MacIntyre, deep in amusement, was trying to compose his face into something more neutral. “I suppose you got them at a bargain price?” he said. “You don’t fear that they may be…unwell?”

“It would be immediately evident to even the least-trained eye that they’re unwell,” Tapio said, “but it’s only a spot of mange. And lice, and fleas. Nothing that cannot be improved by getting them out into the good clean air. If necessary I will wash them.”

At this point, my curiosity having overwhelmed the repressed tide of questions and anxieties that threatened to drown all else, I asked their names and where they had come from. The dog’s name, though he appeared not to know it, was Eberhard. The reindeer had none.
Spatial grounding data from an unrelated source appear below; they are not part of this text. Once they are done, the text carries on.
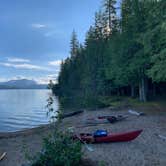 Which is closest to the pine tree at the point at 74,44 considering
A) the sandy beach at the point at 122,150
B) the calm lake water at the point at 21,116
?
the calm lake water at the point at 21,116

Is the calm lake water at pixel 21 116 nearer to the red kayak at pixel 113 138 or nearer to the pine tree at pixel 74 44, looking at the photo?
the red kayak at pixel 113 138

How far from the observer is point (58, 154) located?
7.58 meters

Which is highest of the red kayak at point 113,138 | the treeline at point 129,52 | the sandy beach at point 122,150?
the treeline at point 129,52

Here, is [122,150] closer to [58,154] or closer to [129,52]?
[58,154]

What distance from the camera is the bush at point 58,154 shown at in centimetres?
742

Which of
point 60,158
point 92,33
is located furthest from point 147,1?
point 92,33

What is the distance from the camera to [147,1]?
22594 mm

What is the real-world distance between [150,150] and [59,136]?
426cm

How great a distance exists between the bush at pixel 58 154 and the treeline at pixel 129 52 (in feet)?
6.31

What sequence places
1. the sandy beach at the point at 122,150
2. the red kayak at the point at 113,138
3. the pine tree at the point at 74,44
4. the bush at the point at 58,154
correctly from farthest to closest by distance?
the pine tree at the point at 74,44, the red kayak at the point at 113,138, the sandy beach at the point at 122,150, the bush at the point at 58,154

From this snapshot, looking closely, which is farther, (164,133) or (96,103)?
(96,103)

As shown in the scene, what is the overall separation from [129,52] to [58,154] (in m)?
24.0

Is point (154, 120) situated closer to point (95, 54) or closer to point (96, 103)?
point (96, 103)

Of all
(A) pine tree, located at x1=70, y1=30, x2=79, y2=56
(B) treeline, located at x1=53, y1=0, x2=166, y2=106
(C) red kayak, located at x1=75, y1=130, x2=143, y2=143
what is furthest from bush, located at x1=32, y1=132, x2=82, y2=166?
(A) pine tree, located at x1=70, y1=30, x2=79, y2=56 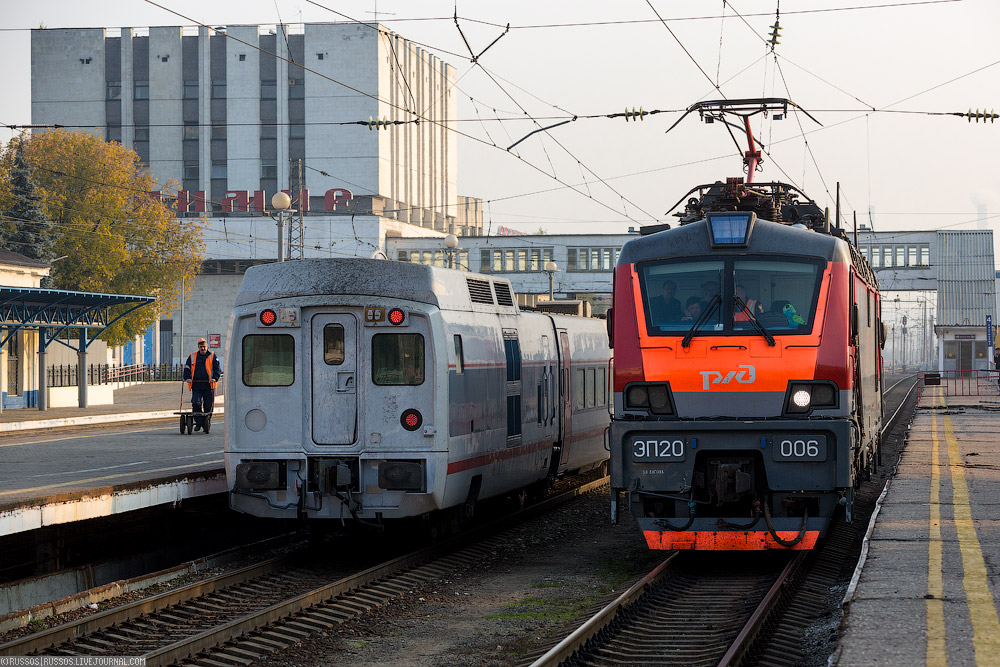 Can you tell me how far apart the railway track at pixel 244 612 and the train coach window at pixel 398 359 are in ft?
6.05

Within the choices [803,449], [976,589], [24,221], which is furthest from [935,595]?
[24,221]

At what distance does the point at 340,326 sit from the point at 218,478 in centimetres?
327

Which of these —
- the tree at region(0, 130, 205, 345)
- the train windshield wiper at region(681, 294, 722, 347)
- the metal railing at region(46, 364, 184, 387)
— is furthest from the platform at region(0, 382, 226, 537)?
the tree at region(0, 130, 205, 345)

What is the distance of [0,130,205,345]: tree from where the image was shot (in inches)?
1948

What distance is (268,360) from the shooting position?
41.1ft

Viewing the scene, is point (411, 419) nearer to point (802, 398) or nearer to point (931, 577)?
point (802, 398)

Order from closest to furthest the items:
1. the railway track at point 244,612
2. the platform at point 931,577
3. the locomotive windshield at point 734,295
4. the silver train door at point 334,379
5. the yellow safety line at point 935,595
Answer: the yellow safety line at point 935,595
the platform at point 931,577
the railway track at point 244,612
the locomotive windshield at point 734,295
the silver train door at point 334,379

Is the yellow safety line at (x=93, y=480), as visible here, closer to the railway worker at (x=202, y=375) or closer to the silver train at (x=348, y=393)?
the silver train at (x=348, y=393)

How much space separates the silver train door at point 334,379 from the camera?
12266 millimetres

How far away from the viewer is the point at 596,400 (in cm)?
2081

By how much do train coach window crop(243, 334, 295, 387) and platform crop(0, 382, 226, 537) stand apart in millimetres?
1898

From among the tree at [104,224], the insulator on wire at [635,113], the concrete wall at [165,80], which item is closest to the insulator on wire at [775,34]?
the insulator on wire at [635,113]

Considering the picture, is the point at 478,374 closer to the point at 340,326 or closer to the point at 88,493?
the point at 340,326

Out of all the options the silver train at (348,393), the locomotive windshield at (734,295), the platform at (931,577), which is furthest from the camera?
the silver train at (348,393) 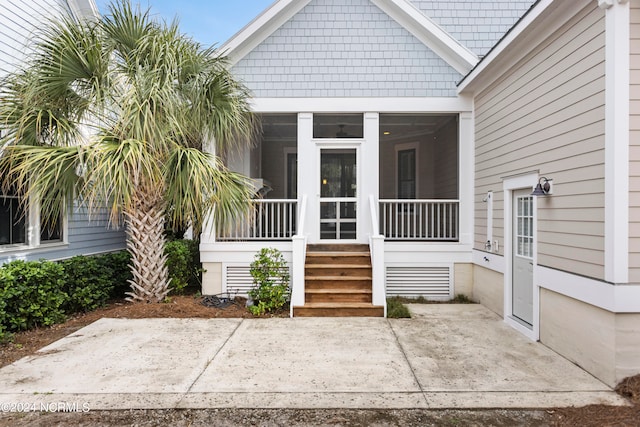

The reindeer, Tapio said, had been found and half-trained, along with a herd of other wild native stock of the archipelago, by a Sami trapper looking to create work for himself in the off-season, who had apparently been disappointed by their size and intractability relative to the domesticated reindeer he grew up with. Determined to keep working with them, he’d regaled anyone who would listen with the infinite uses and skills of a well-trained reindeer, but he had fallen into a crevasse in November and been lost along with most of his ragged herd. Three of the semi-feral animals found their way, starving, back to Longyear, whereupon two were purchased by the Company for meat. The third, rejected perhaps as unwholesome, was now ours.

“And the dog?” I asked.

Eberhard’s story was simpler. He’d been part of a Norwegian sled team but had been abandoned in Longyear because he didn’t behave well in groups. Surviving on scraps and garbage for nearly a year, he carved out a meager existence under various huts and was alternately shot at or humored by miners and proprietors. He was eventually taken in by a shopkeep who had a mind to train him as a guard, but the dog had very little interest in the comings and goings of humanity, so he was once again released on his own recognizance. Tapio corralled him behind the mess tent, licking a putrid grease stain from the canvas. Clearly Tapio’s proffered gristle held more promise than whatever the dog had lately found to sustain him, because he submitted to a rope collar with stoic resignation. It occurred to me, as perhaps it did to Tapio, that the dog’s ambiguous future with us couldn’t be any worse than his past.